Je pose souvent cette question tout en sachant que ce n’est pas une garantie de qualité : il n’y a pas d’Afro-Américain cette année, alors qu’en 2017 par exemple, il y avait Larry Garner et Sugaray Ford. C’est un choix délibéré par rapport au risque financier ?
Le côté financier joue bien évidemment un rôle mais c’est aussi le hasard, on souhaitait également retrouver des gens que nous aimions beaucoup, avec lesquels on a déjà eu une histoire un peu longue. Il est vrai que l’on aurait pu faire revenir Sugaray, ne serait-ce que pour rendre hommage à Gino Matteo, son guitariste décédé il y a quelques mois. Mais ce n’était pas évident financièrement pour lui. On souhaitait inviter d’autres personnes comme les Imperial Crowns, mais ils ne pouvaient pas venir car ils ont mis le groupe un peu en sommeil. Et venir pour une seule date depuis la Californie, c’était compliqué. Ce n’est donc pas du tout un parti pris de notre part, et si on avait eu une bonne opportunité, on l’aurait fait. On n’invitera jamais certains Américains car ils sont surcotés, et à côté de cela il y a des artistes carrément fabuleux. En revanche, certains sont invités à l’année, par exemple Chris Bergson qu’on adore car c’est un type fantastique. On l’a invité trois ou quatre fois dans la salle, et il a dû venir une fois ou deux au festival. Mais on ne va pas l’inviter à chaque fois à chaque fois non plus ! [rires]. Il y a plein de gens qu’on adore, qui sont des artistes accessibles financièrement mais également formidables humainement.

© : alain-hiot.com

Quel est votre public ? Car début octobre, c’est un peu entre deux saisons. Vous avez encore des vacanciers tardifs, ou bien beaucoup de locaux ?
C’était un peu notre idée au départ, essayer de surfer un peu sur la fin de saison. En Touraine, on a quand même beaucoup de gens qui viennent visiter les châteaux en dehors de la grosse affluence des trois mois d’été. Donc on commence un peu à surfer là-dessus. Finalement, il y a assez peu de clientèle de passage, du moins des touristes. On a beaucoup de gens venus de fort loin, mais ce sont des amateurs de blues qui viennent comme sur chaque festival, parce que l’ambiance est bonne… Il y a toujours aussi le public local, mais assez peu de touristes. La période n’est plus trop favorable, c’est un peu tard. Et de toute façon, pour avoir vu quelques festivals par ici cet été, je n’ai pas l’impression que les touristes soient vraiment passionnés. La plupart viennent voir des cailloux, ils n’ont pas forcément pour objectif d’aller écouter de la musique.

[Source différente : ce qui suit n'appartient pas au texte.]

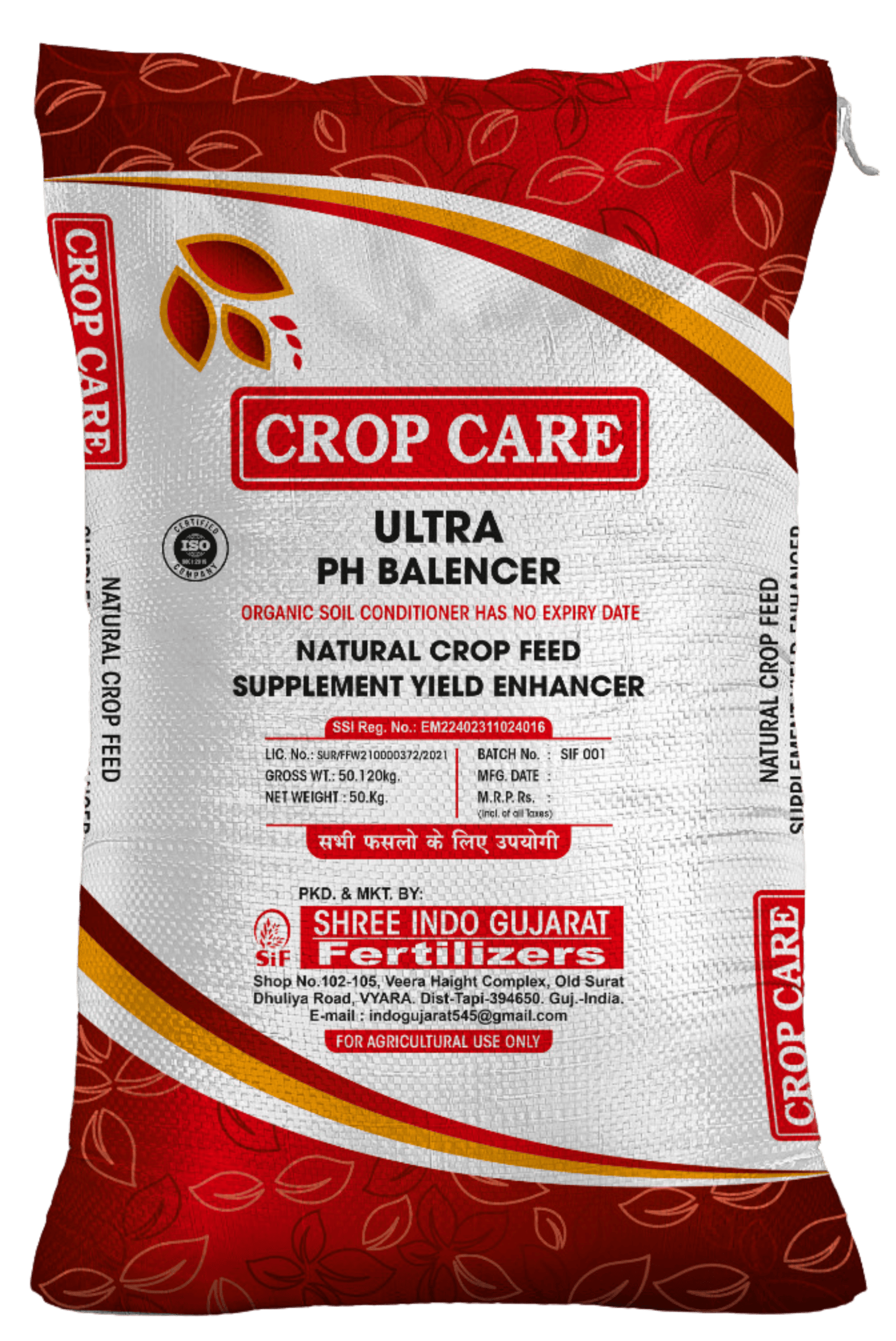 Crop Care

J’ai lu une information qui m’inquiète, elle parle de dernière édition, c’est vraiment le cas ?
Et oui, même si on laisse toujours une porte ouverte, car si on fait une édition formidable et s’il se trouve deux ou trois personnes pour épauler l’équipe, il y aura toujours l’envie de continuer une telle histoire. Mais nous, en tout cas, l’équipe actuelle telle qu’elle est, on n’est plus un état de poursuivre, on est trop peu nombreux. On est cinq ou six à bosser vraiment sur le festival et je dois être un des plus jeunes de la bande [né en 1960]. On est un peu cramés, et surtout saoulés car on passe notre temps à chercher du fric. L’essentiel de l’activité consiste à chercher de l’argent, ce n’est pas passionnant.

© : Festival BAR.

Mais les concerts ponctuels vont continuer ?
Bien sûr, au niveau de la salle, on continuera de fonctionner. On s’était engagés en créant le festival à ne pas mettre la salle en péril. Cette salle, comme le dit notre président, c’est l’ADN de l’association. Pour le coup, on saisit des opportunités. Quand il y a des artistes, même des sacrées pointures qui sont en tournée, on y va car parfois sur les days off ils peuvent venir dans une petite salle. On avait attrapé Larry Garner de cette façon, qui est devenu un ami car c’est un type sensationnel. On a récupéré plein d’artistes comme ça, qui préfèrent venir jouer dans notre petite salle plutôt que rester deux jours à l’hôtel, même si les cachets ne sont pas monstrueux. Et ça se passe très bien, il y a des tourneurs avec lesquels on a beaucoup fonctionné comme ça, quand ils ne passent pas très loin, ça les arrange que les gars soient sur scène au lieu de s’enquiquiner à l’hôtel. Mais le festival, pour l’instant, c’est terminé, et d’ailleurs on est contents, l’histoire est sympa, ça fait dix ans que ça dure, on s’arrête sans avoir planté personne, sans laisser des dettes. Et je pense qu’on n’est fâchés avec personne, que l’on a tout fait bien comme il faut, et si quelqu’un veut reprendre, on continuera d’appuyer et d’apporter tout ce qu’on sait. Toute la logistique qu’on a mise en place existera encore, et si quelqu’un voulait venir nous épauler, la question se reposerait. Mais en l’état actuel des choses, c’est le dernier.

Et comment voyez-vous cette dernière édition ? On va faire une grosse fête, c’est sûr. On a rassemblé plein d’artistes qu’on adore, déjà rencontrés de nombreuses fois et avec lesquels on entretient des relations assez fortes. En plus, on finit avec Little Bob pour ses 85 ans. Et pas 80, c’est 5 de plus, il a triché sur son âge [rires]. C’est notre parrain, il fut le premier à jouer dans la salle en 2010…

Little Bob. © : alain-hiot.com

Recueilli le 11 septembre 2025. Texte : © Daniel Léon / Culture Blues.